Sara, “much to the chagrin” of her parents, studied psychology at undergraduate. She then moved into international development working for nonprofits, but ended up going to Wharton Business School, a decision that “kind of came out of left field," she says. After reaching a "saturation point" working in management consulting, she applied on a “moon shot” to join what was then known as Hyperloop One in early 2017. Luchian had found her way to engineering, after all.

“My mom, she didn’t make it to the stars, but she did make it to America,” Luchian says. “It felt special to be able to say, in large part because of you, I’m here right now, having this pretty amazing first experience in transportation. And I wished that she could be there with me.”

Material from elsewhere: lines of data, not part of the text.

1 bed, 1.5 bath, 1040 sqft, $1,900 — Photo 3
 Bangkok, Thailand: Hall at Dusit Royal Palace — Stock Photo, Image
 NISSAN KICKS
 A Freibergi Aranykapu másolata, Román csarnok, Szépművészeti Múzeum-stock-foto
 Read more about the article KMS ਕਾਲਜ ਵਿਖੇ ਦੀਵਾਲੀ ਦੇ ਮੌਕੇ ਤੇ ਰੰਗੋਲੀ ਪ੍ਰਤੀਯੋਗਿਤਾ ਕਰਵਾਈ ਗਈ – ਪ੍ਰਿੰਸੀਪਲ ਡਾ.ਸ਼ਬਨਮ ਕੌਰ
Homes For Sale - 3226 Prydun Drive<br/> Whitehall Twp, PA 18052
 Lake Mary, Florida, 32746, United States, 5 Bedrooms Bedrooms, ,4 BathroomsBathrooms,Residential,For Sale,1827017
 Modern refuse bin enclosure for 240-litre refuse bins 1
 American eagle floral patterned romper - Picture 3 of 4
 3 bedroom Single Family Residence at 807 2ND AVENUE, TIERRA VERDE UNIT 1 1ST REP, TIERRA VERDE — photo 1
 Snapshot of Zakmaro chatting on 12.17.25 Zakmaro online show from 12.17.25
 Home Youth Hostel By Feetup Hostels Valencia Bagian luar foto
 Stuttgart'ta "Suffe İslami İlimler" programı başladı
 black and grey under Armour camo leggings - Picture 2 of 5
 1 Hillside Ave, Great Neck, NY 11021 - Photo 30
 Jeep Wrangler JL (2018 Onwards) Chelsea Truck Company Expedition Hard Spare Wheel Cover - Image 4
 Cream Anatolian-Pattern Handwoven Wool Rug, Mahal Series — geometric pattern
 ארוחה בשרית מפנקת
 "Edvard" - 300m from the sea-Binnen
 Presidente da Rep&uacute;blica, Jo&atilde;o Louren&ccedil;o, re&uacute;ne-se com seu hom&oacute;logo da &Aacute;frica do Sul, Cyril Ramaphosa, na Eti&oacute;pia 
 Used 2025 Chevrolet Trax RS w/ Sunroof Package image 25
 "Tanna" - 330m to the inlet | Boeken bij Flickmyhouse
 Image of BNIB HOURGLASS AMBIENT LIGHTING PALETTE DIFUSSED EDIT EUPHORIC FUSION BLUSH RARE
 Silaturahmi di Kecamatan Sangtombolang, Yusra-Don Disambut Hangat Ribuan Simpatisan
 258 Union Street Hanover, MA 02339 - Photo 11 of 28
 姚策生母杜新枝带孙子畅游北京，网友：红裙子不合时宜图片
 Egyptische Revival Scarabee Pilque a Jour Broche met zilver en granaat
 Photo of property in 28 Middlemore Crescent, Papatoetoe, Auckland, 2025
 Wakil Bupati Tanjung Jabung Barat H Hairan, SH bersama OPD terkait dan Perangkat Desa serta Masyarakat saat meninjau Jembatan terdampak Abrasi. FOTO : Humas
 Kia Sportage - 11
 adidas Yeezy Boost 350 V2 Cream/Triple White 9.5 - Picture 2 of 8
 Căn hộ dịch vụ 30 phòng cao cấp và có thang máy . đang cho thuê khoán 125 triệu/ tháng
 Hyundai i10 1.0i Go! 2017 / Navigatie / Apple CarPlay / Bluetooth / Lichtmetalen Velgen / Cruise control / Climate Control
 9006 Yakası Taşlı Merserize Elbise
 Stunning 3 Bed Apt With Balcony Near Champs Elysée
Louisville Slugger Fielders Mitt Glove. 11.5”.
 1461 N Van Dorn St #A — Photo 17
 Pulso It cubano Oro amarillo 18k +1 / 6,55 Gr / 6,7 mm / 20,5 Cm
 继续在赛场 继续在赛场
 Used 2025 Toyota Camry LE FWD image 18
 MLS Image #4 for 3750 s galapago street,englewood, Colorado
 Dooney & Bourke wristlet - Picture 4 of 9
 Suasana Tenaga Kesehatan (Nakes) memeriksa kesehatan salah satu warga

Josh Giegel and Sara Luchian next to XP-2.

Virgin Hyperloop

Luchian may have been a first passenger, but she won't be the last. Luchian says the two-person XP–2 will be quite different to the 28-person final pod people will one day ride in. There likely won’t be any windows on the public version, too.

Luchian also says that, for everyday riders, the final pod will “need to be more comfortable” than XP–2.

The acceleration was also somewhere around two to three times higher than it will be on public tracks. The XP–2 felt “sporty” and “zippy,” but public riders are “barely going to feel the push back," she says. With a longer track the firm can accelerate at a much more gradual rate. That means a less intense ride despite a faster pod.

Having said that, many aspects felt remarkably normal. The pair wore regular everyday clothes, rather than flight suits or safety gear.

“It did feel a lot like a train going through a tunnel,” Luchian says. “My frame of reference, having grown up in the northeast, and taking the subway in New York City to my job every day and every evening for eight or 10 years, is it’s like a train or a subway.”

Concept art for a Virgin Hyperloop track.

Virgin Hyperloop

Virgin Hyperloop plans to build a certification center in West Virginia, complete with a six-mile-long test track. The goal is to get safety certification for the system, before moving onto building the first track.

Luchian’s job now is to make the hyperloop as comfortable as possible. The team is working on the interior of the final 28-person pod, with plans to share the design “quite soon.”

It may take decades to understand the significance of November 8, 2020. Hyperloop could burn out as an expensive flash in the pan with limited use, similar to past 1980s experiments with maglev. Or it could transform our ideas of time and place, reduce carbon emissions, and ultimately bring communities closer together.

“I mean, did the Wright Brothers at Kitty Hawk ever envision the Dreamliner?” Luchian says.